Sempurna! Mataku seakan tak ingin beralih darinya, lelaki itu terlihat gusar tapi tetap dengan pandangan kedepan yang aku yakin akan melelehkan mata para wanita di kampus ini.
"Aku yang ngelempar. Kenapa? Gak suka?" Lanjut lelaki itu.
"Danta!" Teriak seorang lelaki lain dengan nada tinggi.
"Iya! Danta!" Sahutnya tak kalah tinggi.
Apa yang sedang terjadi? Mengapa danta marah? Dan kenapa lelaki ini? Insiden ini?
"Ada apa sih ra?" Bisikku pada ara.
"Gak tau juga lex." Ara menggeleng pelan.
Kami masih berdiri di tempat yang sama, melihat kekacauan yang di akibatkan danta, berusaha memahami apa yang terjadi, meski sudah beberapa menit dan kami tak paham juga.

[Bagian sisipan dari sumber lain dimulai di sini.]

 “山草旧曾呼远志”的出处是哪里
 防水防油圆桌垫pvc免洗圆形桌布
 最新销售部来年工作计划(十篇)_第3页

"Sekali lagi ini terjadi, urusanmu sama aku!" Danta menarik kerah baju lelaki itu dan berbisik mengancam.
"Dann.. udah udah dan.." beberapa orang mulai berusaha melerai keduanya.

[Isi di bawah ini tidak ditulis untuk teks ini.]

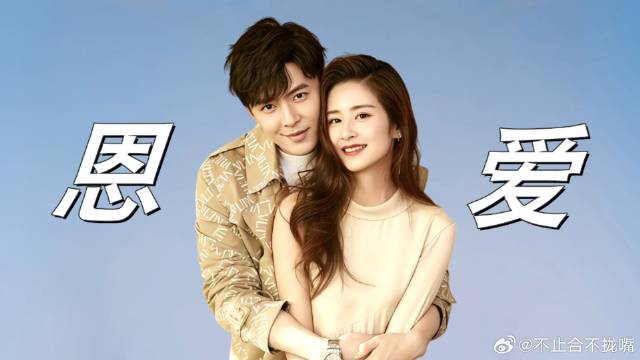 男人最大的魅力是解决问题，颖儿做饭差点炸厨房，付辛博霸气救场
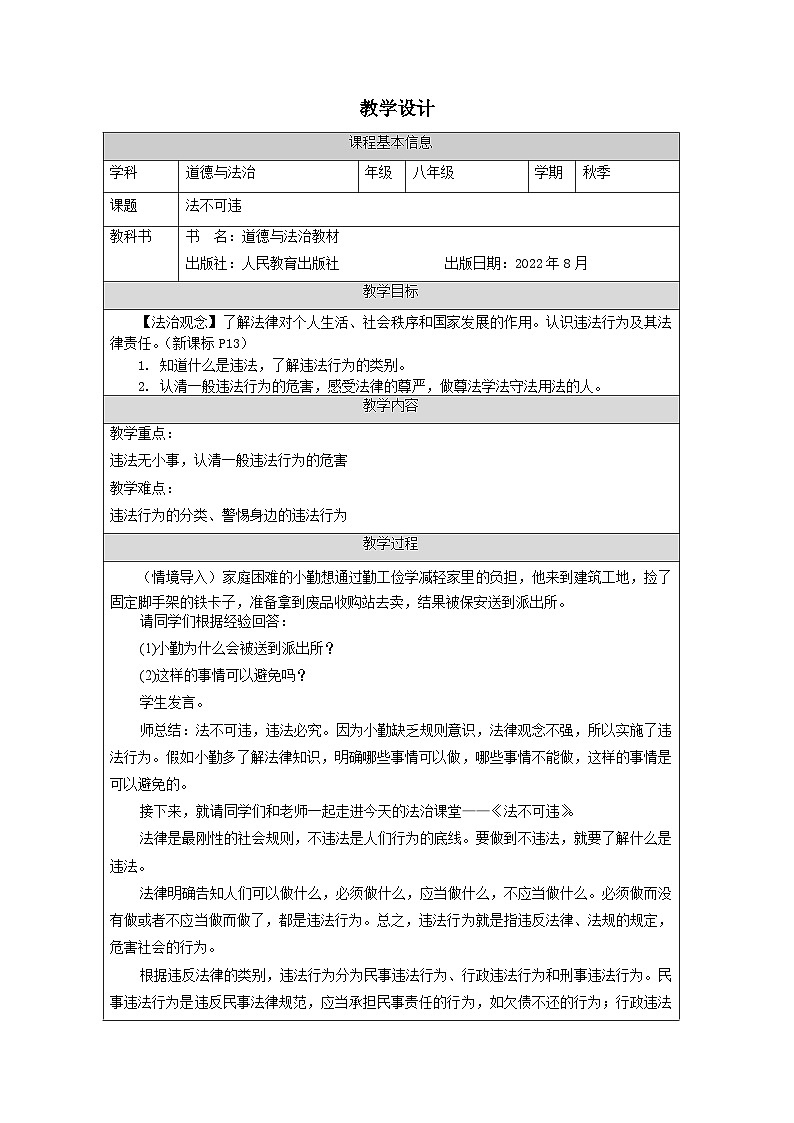 5.1 法不可违 教案-2022-2023学年部编版道德与法治八年级上册01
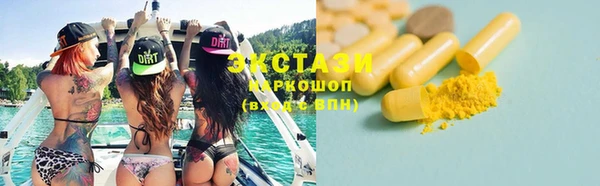 амфетамин Няндома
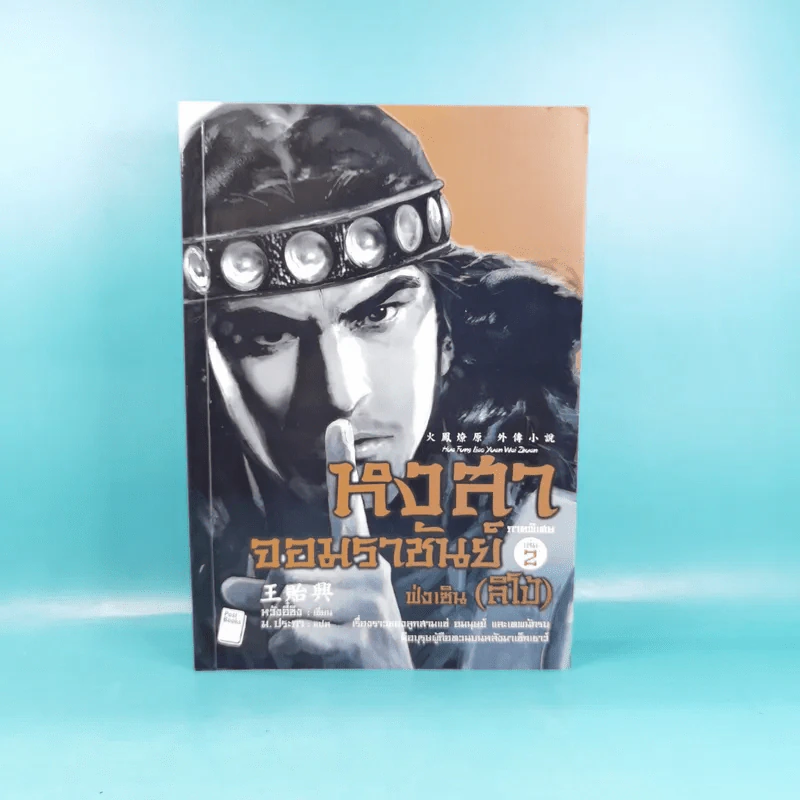 หงสาจอมราชันย์ ภาคพิเศษ เล่ม 2 - ฟ่งเซิน (ลิโป้) รูปที่ 1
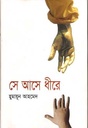 সে আসে ধীরে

Matanya tajam tak berkedip, ia terlihat tenang meski sedang marah, tangannya mengepal, dan tubuhnya tegap. Danta memang terkenal di kampus ini, lelaki tampan yang hampir saja mendekati sempurna.
"Kamu gapapa?" Tanyanya sembari menghampiri seorang gadis.
Gadis itu hanya mengangguk tanpa suara, matanya berbinar, terlihat hampir saja setetes air mata jatuh di pelupuk matanya, ia menghela nafas lega seketika danta meninggalkannya.
"Siapa dia?" Tanyaku pada ara.
"Entahlah, aku juga gak kenal." Jawabnya.
Kerumunan orang yang sedaritadi ada di tempat itu, kini bubar satu per satu, kecuali aku dan ara yang masih berselimut penasaran.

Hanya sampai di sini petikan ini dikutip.